By David Usborne, US Editor

Even before Barack Obama boards Air Force One tonight to attend the first fully fledged summit between the US and Russia since 2002, the diplomatic ether between Moscow and Washington is fairly crackling with the static of both anticipation and latent suspicion.

Russia is the first and the most critical of three stops on Mr Obama's latest transatlantic foray, which will include the G8 summit in Italy and an inevitably emotional visit by America's first black leader to Africa.

While the tourist shelves of Moscow are clogged with Obama dolls, the President faces challenges in his two days there, including talks tomorrow with President Dmitry Medvedev and on Tuesday with the Prime Minister, Vladimir Putin.
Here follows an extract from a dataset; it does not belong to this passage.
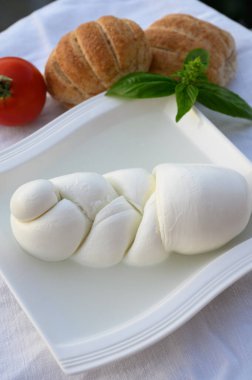 İtalyan bufalosundan yapılmış yumuşak, beyaz İtalyan peynirli mozzarella bufalosu Amaseno, Lazio, İtalya 'da makarna filata metodu.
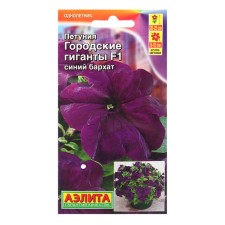 Petunia seeds City giants F1 Blue velvet Odn (dragee in a test tube) c/n 7pcs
He will also meet the former Soviet leader Mikhail Gorbachev and deliver a major policy speech.

With Mr Medvedev, progress will be measured in part by an agreement on talks over replacing Start 1, the strategic arms treaty, which expires in December.

But before leaving Washington, Mr Obama indicated that his greater goal is to show that the clichés of Cold War antagonism between Russia and the US can be left behind. "This will be a very important meeting which will basically answer the question of whether the US and Russia can work together," said Dmitry Trenin, the director of the Moscow Carnegie Center, a think-tank.

Mr Obama indulged in a not-so-subtle dig at Mr Putin. "I think that it's important that even as we move forward with President Medvedev that Putin understand that the old Cold War approaches to US-Russian relations is outdated," he said. "Putin has one foot in the old ways of doing business and one foot in the new."

Teasing Mr Putin, if only a bit, carries risks for Mr Obama. "The most important part about his trip to Moscow is going to be his discussions with Vladimir Putin," Andrew Kuchins, of the Center for Strategic and International Studies in Washington, said.

Mr Putin himself attempted gently to swat away Mr Obama's remarks. "We don't know how to stand so awkwardly with our legs apart," he said on Russian television. "We stand solidly on our own two feet and always look into the future." His spokesman, Dmitry Peskov, was harsher. "Such a point of view has nothing to do with a true understanding of Putin," he said.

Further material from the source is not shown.